Com raízes que se estendem a vários anos atrás, um conflito latente mantém a África no limiar de uma possível guerra. Trata-se da disputa entre Egito e Etiópia pela construção neste país da maior central hidrelétrica sobre um afluente do Nilo.
As autoridades egípcias tentaram impedir o projeto, já que a gigantesca represa ameaça destruir quase toda a agricultura do país.
Na mais recente fase da disputa, na semana passada ocorreram negociações trilaterais entre Egito, Etiópia e Sudão, com o objetivo de alcançar um consenso entre todas as partes envolvidas. Contudo, o Cairo e Adis Abeba, os principais antagonistas no conflito, não chegaram a um compromisso, revela a agência AP.
Nesta segunda-feira (15), o ministro das Relações Exteriores do Egito, Sameh Shoukry, anunciou que, devido à paralisação das negociações, seu país poderia apelar ao Conselho de Segurança da ONU para que, considerando a segurança global, se bloqueiem os passos unilaterais etíopes.
Um 'grande projeto' e fonte de 'orgulho nacional'
Desde 2011, a Etiópia prossegue com o projeto que se tornará a maior central hidrelétrica da África. Atualmente, menos de 45% da população do país tem acesso à eletricidade.
Prevê-se que o funcionamento da represa não somente satisfará as necessidades a nível nacional, mas também permitirá exportar energia aos países vizinhos.
"A represa que estamos construindo juntos, unindo as mãos, está na lista dos megaprojetos no solo da África e de todo mundo, se convertendo na fonte de nosso orgulho nacional", disse em 2017 o então primeiro-ministro da Etiópia, Hailemariam Desalegn.
Perigo iminente e ameaça existencial para milhões de egípcios
Contudo, o que para a nação etíope representa um grande avanço social, econômico e político para os egípcios é uma ameaça existencial, dado que a sobrevivência depende das terras férteis do vale do Nilo, onde vive cerca de 90% de toda a população.
O funcionamento da represa e de seu reservatório – que tem uma capacidade total de 74 bilhões de metros cúbicos – provocará uma baixa rápida das águas do grande rio que dá vida à população do Egito, que por sua parte não para de crescer e hoje conta com mais de 100 milhões de habitantes.
Segundo estimativas, a confluência do pântano etíope com as águas do Nilo Azul causará nos próximos anos uma série de secas devastadoras no Egito e Sudão e destruirá o sistema de agricultura tradicional nestes países.
Somente no primeiro ano, ao redor de 1,5 milhões de camponeses poderiam ficar sem trabalho.
Algo parecido ocorreu na Síria depois que, nos anos 80, a Turquia construiu represas em cascata no rio Eufrates. Ainda que o efeito não tenha sido imediato, a degradação paulatina da agricultura síria produziu uma migração massiva em direção a grandes cidades.
No entanto, o dano imediato na agricultura não é o único perigo que as autoridades do Egito devem ter em mente.
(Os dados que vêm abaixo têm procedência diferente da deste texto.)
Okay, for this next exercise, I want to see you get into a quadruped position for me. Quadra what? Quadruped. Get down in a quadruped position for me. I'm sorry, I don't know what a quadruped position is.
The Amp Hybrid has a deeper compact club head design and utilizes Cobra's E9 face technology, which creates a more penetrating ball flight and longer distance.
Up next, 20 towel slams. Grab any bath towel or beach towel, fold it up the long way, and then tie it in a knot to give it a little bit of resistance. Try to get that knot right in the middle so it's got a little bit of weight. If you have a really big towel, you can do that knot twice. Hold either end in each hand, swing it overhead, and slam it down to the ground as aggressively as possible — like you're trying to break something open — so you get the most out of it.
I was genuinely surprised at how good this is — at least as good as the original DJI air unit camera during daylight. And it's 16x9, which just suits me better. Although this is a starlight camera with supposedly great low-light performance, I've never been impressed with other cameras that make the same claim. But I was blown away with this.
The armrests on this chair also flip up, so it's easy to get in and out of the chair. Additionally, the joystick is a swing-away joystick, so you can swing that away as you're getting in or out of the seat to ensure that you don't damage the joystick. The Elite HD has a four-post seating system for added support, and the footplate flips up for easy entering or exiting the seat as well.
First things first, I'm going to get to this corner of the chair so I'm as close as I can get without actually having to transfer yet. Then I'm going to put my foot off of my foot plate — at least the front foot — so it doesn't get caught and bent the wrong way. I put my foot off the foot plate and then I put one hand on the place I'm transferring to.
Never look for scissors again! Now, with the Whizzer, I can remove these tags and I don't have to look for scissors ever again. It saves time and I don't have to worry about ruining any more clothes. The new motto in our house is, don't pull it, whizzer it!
Também há que considerar que, em caso de uma eventual liberação instantânea de todas as águas, suas correntes poderiam levar 70% das vidas egípcias.
Velhos acordos 'coloniais' e negociações fracassadas
A represa já tem 70% de suas obras completadas. Em virtude desta realidade, na semana passada as partes se reuniram para negociar sobre as diretrizes e normas do primeiro enchimento e a operação anual de dita instalação.
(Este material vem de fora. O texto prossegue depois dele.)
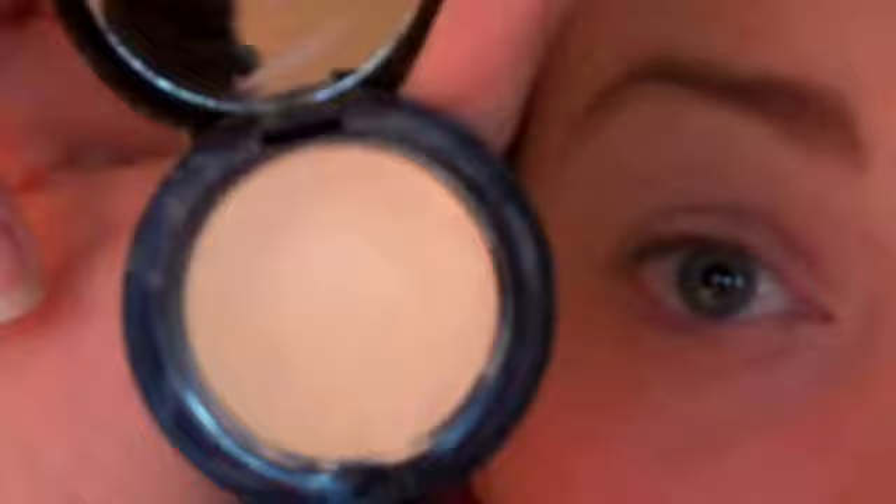The next thing I'm going to use is this eye primer, which is Lemonade by Benefit. The idea of using a primer is literally to give your whole lid a neutral base to work on. Some people might have redness to the skin, so it covers that up and basically means your eyeshadow should go the same colour over the whole area.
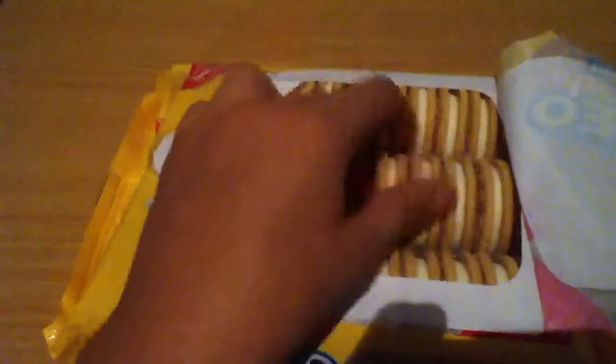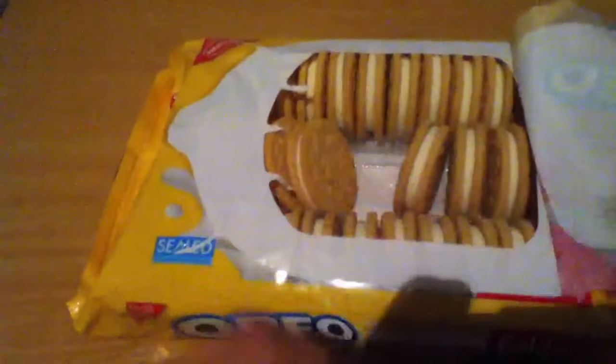Double Stuff Oreos. I'm a fan of the Golden Oreos, and yeah, they're good, so I'm going to try them. Double Stuff doesn't seem that bad, so let me try them.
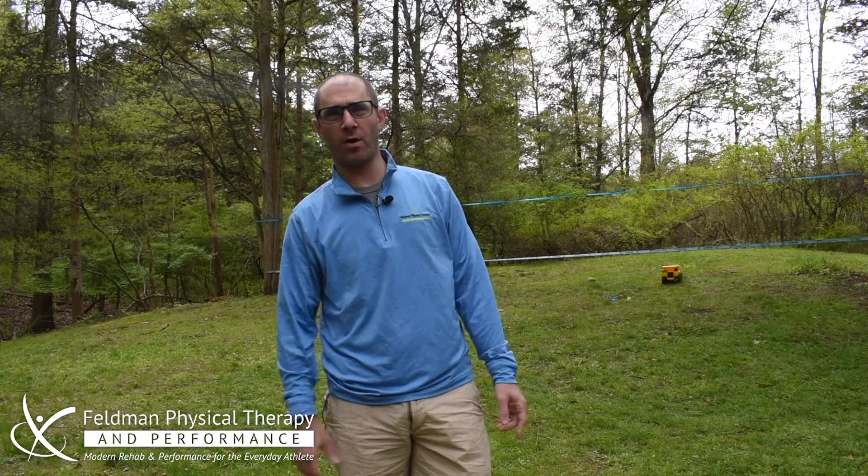Hey guys, Dr. Justin Feldman here, Feldman Physical Therapy and Performance, coming at you with another video for some of our quarantined climbers stuck at home, unable to get to the gym or get out on the rocks. Hopefully everybody enjoyed the last couple videos we went through with the shoulder series and some lower body stuff for the hips. We're going to play around with the toes and the feet today and go through a couple drills that are really good and helpful for your toes and your feet.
A disputa atual está conectada com os planos das autoridades da Etiópia de começar a preencher o reservatório nas próximas semanas. O Egito insiste que o processo seja estritamente regulamentado e paulatino.
As negociações entre os países vizinhos não tiveram êxito e acabaram em um intercâmbio de acusações mútuas. O Cairo qualificou de tecnicamente inconsistente e legalmente inadequada a proposta apresentada pela Etiópia, e salientou que neste país não há vontade política para alcançar um acordo justo.
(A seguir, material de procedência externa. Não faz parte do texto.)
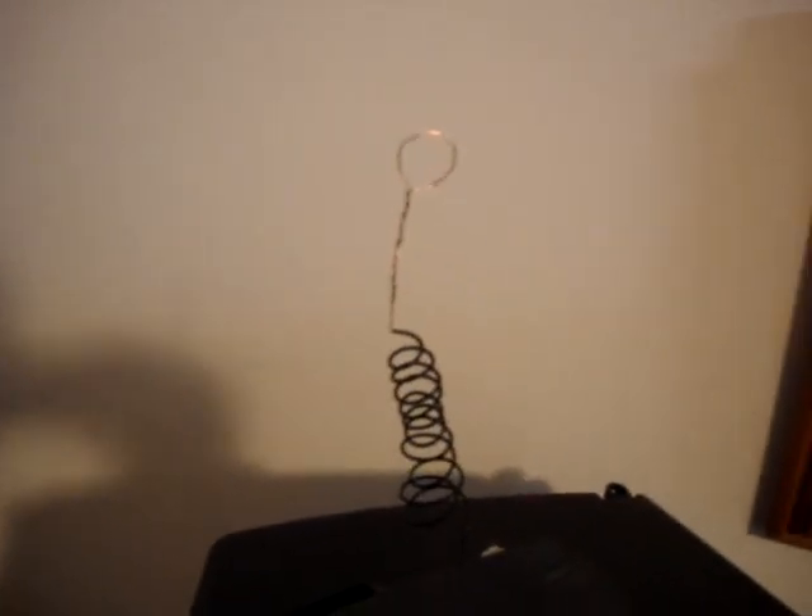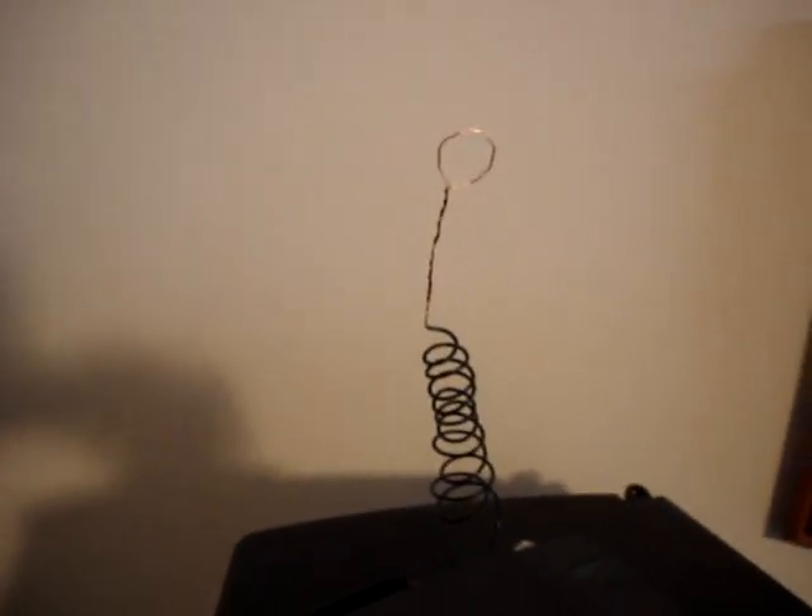That is an antenna, and it actually works really, really well. Wow, it works really well. All I had to do was coil up some wire and expose it at the end.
Enquanto isso, o governo etíope atribuiu ao Egito o suposto fracasso do processo, por sua "obstinação" em manter um velho acordo de administração dos recursos hídricos, cujas bases foram definidas ainda no período colonial.
As autoridades egípcias apelam aos pactos firmados pelo Egito e Reino Unido em 1929 e 1959, que concediam ao Cairo o direito de vetar a construção de qualquer barragem no Nilo fora de suas fronteiras.